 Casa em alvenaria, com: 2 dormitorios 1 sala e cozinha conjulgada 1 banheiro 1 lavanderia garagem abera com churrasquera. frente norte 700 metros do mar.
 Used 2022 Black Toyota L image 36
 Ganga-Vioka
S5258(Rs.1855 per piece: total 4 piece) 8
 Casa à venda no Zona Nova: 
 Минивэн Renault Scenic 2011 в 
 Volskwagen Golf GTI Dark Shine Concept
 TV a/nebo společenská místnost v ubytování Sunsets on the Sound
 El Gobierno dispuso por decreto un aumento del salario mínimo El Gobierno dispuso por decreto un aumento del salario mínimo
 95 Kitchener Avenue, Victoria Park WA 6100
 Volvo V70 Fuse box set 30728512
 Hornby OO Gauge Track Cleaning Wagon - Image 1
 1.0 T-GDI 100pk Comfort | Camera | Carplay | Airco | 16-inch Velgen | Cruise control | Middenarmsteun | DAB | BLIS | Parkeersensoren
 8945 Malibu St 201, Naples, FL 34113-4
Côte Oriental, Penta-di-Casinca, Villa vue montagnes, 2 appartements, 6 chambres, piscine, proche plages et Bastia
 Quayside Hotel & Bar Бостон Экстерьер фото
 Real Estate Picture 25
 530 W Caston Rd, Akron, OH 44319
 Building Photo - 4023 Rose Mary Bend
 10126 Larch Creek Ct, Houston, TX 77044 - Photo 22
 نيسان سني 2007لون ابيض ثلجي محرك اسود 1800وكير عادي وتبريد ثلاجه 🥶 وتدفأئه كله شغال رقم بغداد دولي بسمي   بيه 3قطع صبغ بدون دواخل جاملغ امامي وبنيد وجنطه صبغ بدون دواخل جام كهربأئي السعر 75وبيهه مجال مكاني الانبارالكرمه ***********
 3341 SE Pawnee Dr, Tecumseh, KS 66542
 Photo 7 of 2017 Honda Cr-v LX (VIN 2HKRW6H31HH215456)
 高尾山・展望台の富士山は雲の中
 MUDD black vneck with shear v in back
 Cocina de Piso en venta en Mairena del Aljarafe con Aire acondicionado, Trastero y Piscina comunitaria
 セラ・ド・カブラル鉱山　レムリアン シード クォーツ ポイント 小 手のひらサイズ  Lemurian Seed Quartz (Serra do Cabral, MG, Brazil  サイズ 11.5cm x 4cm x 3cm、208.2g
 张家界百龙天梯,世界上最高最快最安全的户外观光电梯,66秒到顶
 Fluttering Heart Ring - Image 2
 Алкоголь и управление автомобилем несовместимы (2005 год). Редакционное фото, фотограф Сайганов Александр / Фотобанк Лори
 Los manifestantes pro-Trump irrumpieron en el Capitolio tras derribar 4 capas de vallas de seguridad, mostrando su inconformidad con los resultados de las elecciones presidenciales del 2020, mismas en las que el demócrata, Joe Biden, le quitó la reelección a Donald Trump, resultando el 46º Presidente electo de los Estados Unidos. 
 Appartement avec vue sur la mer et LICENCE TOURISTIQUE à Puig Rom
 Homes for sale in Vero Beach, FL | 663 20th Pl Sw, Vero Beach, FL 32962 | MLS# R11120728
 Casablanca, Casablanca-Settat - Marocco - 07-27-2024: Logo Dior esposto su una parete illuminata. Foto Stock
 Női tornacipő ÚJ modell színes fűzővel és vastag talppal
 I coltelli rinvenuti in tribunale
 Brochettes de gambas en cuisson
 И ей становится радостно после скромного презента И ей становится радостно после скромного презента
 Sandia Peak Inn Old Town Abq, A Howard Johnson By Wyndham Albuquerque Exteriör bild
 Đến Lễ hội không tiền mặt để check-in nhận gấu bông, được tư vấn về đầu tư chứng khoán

===============

Using the data above, print exactly the lines from the line that contains "TV a/nebo společenská" through the line that contains "Алкоголь и управление", with both included.

_RESPONSE FOR THIS EXERCISE_.
 TV a/nebo společenská místnost v ubytování Sunsets on the Sound
 El Gobierno dispuso por decreto un aumento del salario mínimo El Gobierno dispuso por decreto un aumento del salario mínimo
 95 Kitchener Avenue, Victoria Park WA 6100
 Volvo V70 Fuse box set 30728512
 Hornby OO Gauge Track Cleaning Wagon - Image 1
 1.0 T-GDI 100pk Comfort | Camera | Carplay | Airco | 16-inch Velgen | Cruise control | Middenarmsteun | DAB | BLIS | Parkeersensoren
 8945 Malibu St 201, Naples, FL 34113-4
Côte Oriental, Penta-di-Casinca, Villa vue montagnes, 2 appartements, 6 chambres, piscine, proche plages et Bastia
 Quayside Hotel & Bar Бостон Экстерьер фото
 Real Estate Picture 25
 530 W Caston Rd, Akron, OH 44319
 Building Photo - 4023 Rose Mary Bend
 10126 Larch Creek Ct, Houston, TX 77044 - Photo 22
 نيسان سني 2007لون ابيض ثلجي محرك اسود 1800وكير عادي وتبريد ثلاجه 🥶 وتدفأئه كله شغال رقم بغداد دولي بسمي   بيه 3قطع صبغ بدون دواخل جاملغ امامي وبنيد وجنطه صبغ بدون دواخل جام كهربأئي السعر 75وبيهه مجال مكاني الانبارالكرمه ***********
 3341 SE Pawnee Dr, Tecumseh, KS 66542
 Photo 7 of 2017 Honda Cr-v LX (VIN 2HKRW6H31HH215456)
 高尾山・展望台の富士山は雲の中
 MUDD black vneck with shear v in back
 Cocina de Piso en venta en Mairena del Aljarafe con Aire acondicionado, Trastero y Piscina comunitaria
 セラ・ド・カブラル鉱山　レムリアン シード クォーツ ポイント 小 手のひらサイズ  Lemurian Seed Quartz (Serra do Cabral, MG, Brazil  サイズ 11.5cm x 4cm x 3cm、208.2g
 张家界百龙天梯,世界上最高最快最安全的户外观光电梯,66秒到顶
 Fluttering Heart Ring - Image 2
 Алкоголь и управление автомобилем несовместимы (2005 год). Редакционное фото, фотограф Сайганов Александр / Фотобанк Лори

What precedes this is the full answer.